As expected, the default group settings are merged with the lab topology groups, and you can even use them to create new groups not defined in the lab topology.

The only peculiarity of the default groups is the handling of group members:

  • Default groups can have a list of members

  • A non-existent node in a group members list usually generates an error message. For default groups, such a member is silently removed from the members list[1] (but see also Create Objects From Group Members)

  • The members of a default group are copied into the lab topology group only when the corresponding lab topology group has no members.

Setting Object Data in Groups

Sometimes, you’d like to set an attribute for all group members. For example, in a BGP anycast scenario, we should set bgp.advertise_loopback to false on all anycast server – they should advertise only the anycast prefix, not individual loopback prefixes.

While it’s perfectly OK to set the desired attribute(s) on individual nodes, it’s much more convenient to specify them in a group definition – you can use any valid node, VLAN, or VRF attribute (including configuration module attributes[2]) in group definitions[3].

The group attributes will be set on all members of the group. The data is deep-merged with the existing object data – for example, you could set bgp.advertise_loopback attribute in group definition without affecting bgp.as node attribute[4].

Using this functionality, a BGP anycast topology file becomes much more concise than it would have been otherwise:

defaults:
  device: iosv

module: [ bgp, ospf ]

bgp.as: 65000

groups:
  anycast:
    members: [ a1, a2, a3 ]
    bgp.as: 65001
    bgp.advertise_loopback: false

nodes: [ l1, l2, l3, s1, a1, a2, a3 ]

Specifying VLANs and VRFs in Node Groups

VRFs and VLANs mentioned in a node group’s vrfs or vlans attributes become global (topology-wide) VRFs/VLANs. The VLAN ID/VNI or VRF RT/RD values (when specified) are copied from the vlans/vrfs group data into global vlans/vrfs dictionaries. Every VLAN needs a unique ID/VNI (likewise for VRF RT/RD), so you cannot define different ID/VNI or RT/RD values for the same VLAN/VRF in multiple groups.

Example:

module: [ vlan,ospf ]

groups:
  g1:
    members: [ r1, r2 ]
    vlans:
      red:
        ospf.cost: 10
      blue:
        ospf.cost: 20

nodes: [r1, r2]

links:
- r1:
  r2:
  vlan.trunk: [ red, blue ]

The above topology:

  • Creates topology-wide red and blue VLANs.

  • Auto-assigns VLAN ID and VNI to those VLANs.

  • Copies group vlans into R1 and R2 (setting OSPF cost for VLAN interfaces)
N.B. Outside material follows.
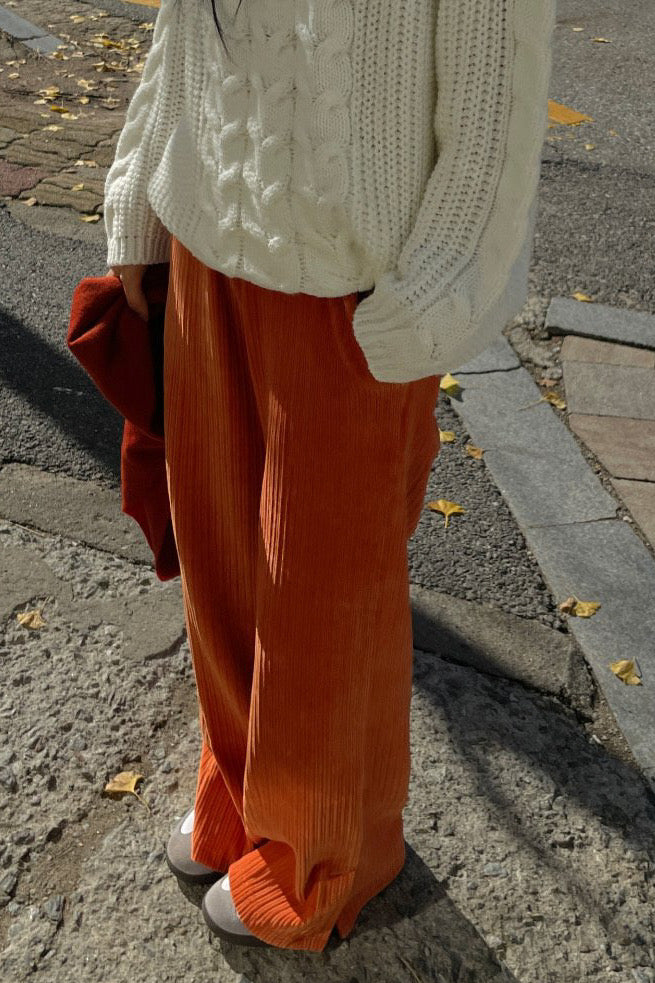 Loose Corduroy Banded Pants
  • Merges the global vlans definitions into nodes.r1.vlans and nodes.r2.vlans, ensuring the VLANs on R1 and R2 have the correct VLAN ID/VNI.

Tip

As the group VLANs/VRFs are copied into all nodes in a group, you’ll get all VLANs/VRFs (and VLAN interfaces) mentioned in the group definition defined on all group members regardless of whether they use those VLANs/VRFs.

Setting Device Type or List of Modules in Node Groups

You can set node device type (device attribute) or the list of configuration modules (module attribute) in a node group definition, but only on groups with static members.

The device type is copied from a group definition to member nodes with no device attribute. Modules listed in a group are added to the member node module attribute. The merging of node- and group modules takes precedence over the global (topology-level) list of modules.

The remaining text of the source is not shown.